Raise your hand if you will do anything to eliminate or shorten some of the meltdowns that come along with that cute, tank full of emotions, child of yours (arm up over here). Parenthood is tough for anyone and everyone and takes every ounce of patience you thought you had and then some.
When my daughter’s pediatrician entered the room at her 3-year-old well checkup, she raised her eyebrows and asked how we were doing with an understanding smile and nod. She knows I’m a child life specialist and I jokingly (but not really) said how I really didn’t realize the meltdowns and challenging behaviors were so precisely timed to start the day before she turned 3. I mean seriously, I knew they were coming, but I still wanted to pretend it wasn’t!
In these days when meltdowns come more frequently than solo bathroom breaks, I have so much gratitude for the writers and illustrators who teach children healthy habits and strategies. Books are the one tool that never seems to fail to help children recognize, validate, and give healthy ways to cope with emotions is through books. Since children often need more than one time to learn and implement these little (okay big) lessons, books are a saving grace for this tired Mama!
I probably don’t need to be another voice telling parents how important it is to read to children from the get-go. We know it helps them understand the world around them, learn how to communicate, bond with caregivers, identify routines, and so much more. Reading to my children has truly been one of the most special experiences for me as a mother. Not only does it give me all of the feels to see them immersed in story, I feel so proud when I see them take away information they’ve learned to help themselves master a skill, understand emotions and identify ways to cope with stressful situations (just to name a few reasons).
Children’s books have been a guiding light to help me remember to step outside of my own agenda and remember on tough days that young children are full of big emotions whose brains are rapidly growing. When I focus on the normalcy and the reason why for their behavior, I find it easier for myself to remain calm and help them figure out how to calm and/or problem solve.
I typically will introduce new developmentally appropriate books to my three-year-old when she is calm and, in a place, she will listen. Then after it has been introduced, it is offered as a choice to help her calm down if it is available. Books have been a huge influence in helping her find ways to help herself calm. Often, she needs prompts or reminders, but she has also shown how capable she is to implement the strategies we or the ones from her books teach her. As an example, she has learned to stop, slow down and then try again when she is escalating due to frustration (disclaimer = less likely on no nap days).

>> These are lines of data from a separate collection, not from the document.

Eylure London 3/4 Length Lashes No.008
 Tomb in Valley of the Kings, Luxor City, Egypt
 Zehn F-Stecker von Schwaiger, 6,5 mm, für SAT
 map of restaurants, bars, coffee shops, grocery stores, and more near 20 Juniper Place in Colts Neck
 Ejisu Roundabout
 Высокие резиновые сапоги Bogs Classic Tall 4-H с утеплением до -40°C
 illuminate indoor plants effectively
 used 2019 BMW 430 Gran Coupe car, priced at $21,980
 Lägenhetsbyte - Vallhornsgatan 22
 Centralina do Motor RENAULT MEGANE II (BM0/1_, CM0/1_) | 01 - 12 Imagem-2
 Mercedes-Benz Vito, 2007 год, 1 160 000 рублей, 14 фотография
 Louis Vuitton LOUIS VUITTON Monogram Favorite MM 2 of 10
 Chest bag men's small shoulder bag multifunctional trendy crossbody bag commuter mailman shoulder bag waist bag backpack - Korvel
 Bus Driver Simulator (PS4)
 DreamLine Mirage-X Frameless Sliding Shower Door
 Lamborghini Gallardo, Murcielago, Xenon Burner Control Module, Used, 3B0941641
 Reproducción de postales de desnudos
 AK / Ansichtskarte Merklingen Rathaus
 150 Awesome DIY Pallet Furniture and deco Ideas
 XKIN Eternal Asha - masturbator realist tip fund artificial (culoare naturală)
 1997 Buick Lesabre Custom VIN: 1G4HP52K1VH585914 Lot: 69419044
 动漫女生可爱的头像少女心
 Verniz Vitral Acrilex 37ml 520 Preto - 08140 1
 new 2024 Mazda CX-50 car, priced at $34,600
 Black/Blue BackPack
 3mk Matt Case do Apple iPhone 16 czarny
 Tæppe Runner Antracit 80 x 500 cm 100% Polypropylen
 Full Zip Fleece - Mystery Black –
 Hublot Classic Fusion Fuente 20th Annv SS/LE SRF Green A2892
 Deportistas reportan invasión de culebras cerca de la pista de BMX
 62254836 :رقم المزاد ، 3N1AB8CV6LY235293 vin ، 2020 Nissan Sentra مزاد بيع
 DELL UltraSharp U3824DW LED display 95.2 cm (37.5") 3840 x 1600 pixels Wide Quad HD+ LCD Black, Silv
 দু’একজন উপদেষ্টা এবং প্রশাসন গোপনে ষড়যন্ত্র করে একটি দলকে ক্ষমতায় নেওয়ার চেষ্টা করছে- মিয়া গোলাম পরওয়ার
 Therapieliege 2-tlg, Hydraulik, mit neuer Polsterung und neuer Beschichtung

It feels incredible when I hear her from another room getting frustrated and it turns into her excitedly saying, “I did it! I tried again! It worked.”
“How do dinosaurs say I’m Mad?” by Jane Yolen and Mark Teague, is witty while teaching a great lesson about how to cope with anger. I love reading it with really dramatic facial expressions and watching my daughter playfully mimic me. Each page gives examples of what the dinosaur doesn’t do when mad (e.g. scream and shout, throw books, etc.) Then, as pictured below, it shares a healthy way to respond when feeling mad.
When the kids were napping one day, I had some fun taking photos. Squish/stress balls are one of my favorite tangible coping tools to give to kids and teens. I thought I would give this dino his very own squish ball, simply made with a bit of air in a water balloon. When I showed it to my girl, she had the sweetest amused reaction. It was surprise mixed with joy and excitement to play. Any bit of guilt or shame I had for using spare time for the pictures all made it seem WORTH IT.